The Duke’s Guide to Correct Behavior by Megan Frampton
Avon: November 25, 2014 (Historical Romance)*
I’ve read a couple of Megan Frampton’s other historical romances, so I was quite happy to see she had a new one coming out. I snapped up this advance copy and tore through it in a day. The Duke’s Guide to Correct Behavior was a cute little romance, filled with great scenes of humour. And, it happily kicks off a historical romance series.
The new Duke of Rutherford has a problem. The child he’s always known about but never met, has been delivered to his doorstep.

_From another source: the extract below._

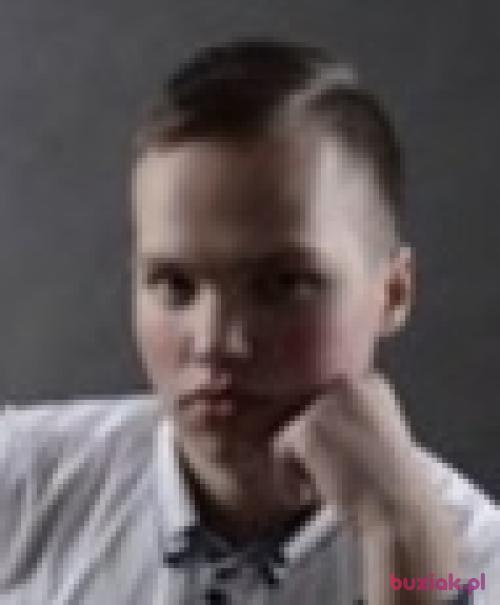 martini4, Mężczyzna, 26 lat, Szczecin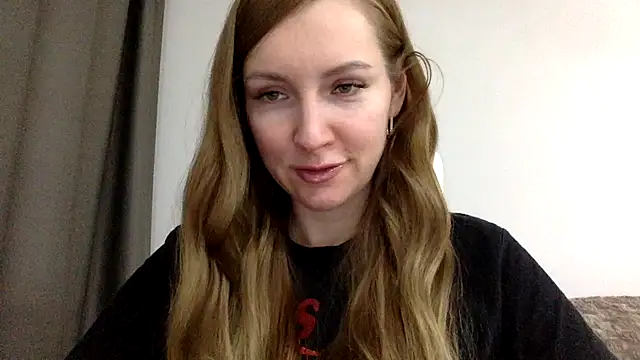 Snapshot of Neralith chatting on March 12, 2026, 6:03 pm Neralith online show from March 12, 2026, 6:03 pm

Confronted with his daughter, Marcus (the Duke) is immediately struck by the fact that he was wrong to have never learned more about her existence and sets about righting that wrong, unfortunately, he really has no idea how to raise a kid. Enter the requisite governess.
Miss Lily Russell has been helping run the Quality Employment Agency with her two friends. They’ve only been operating the business for a few months, so every employee that they place is of the utmost importance. When a duke sends for a governess, Lily knows that she has to find someone; the success of the business depends upon it. With no option, Lily puts herself forward as the governess for the duke’s daughter. Of course, voracious readers of historical romance can likely guess what comes next…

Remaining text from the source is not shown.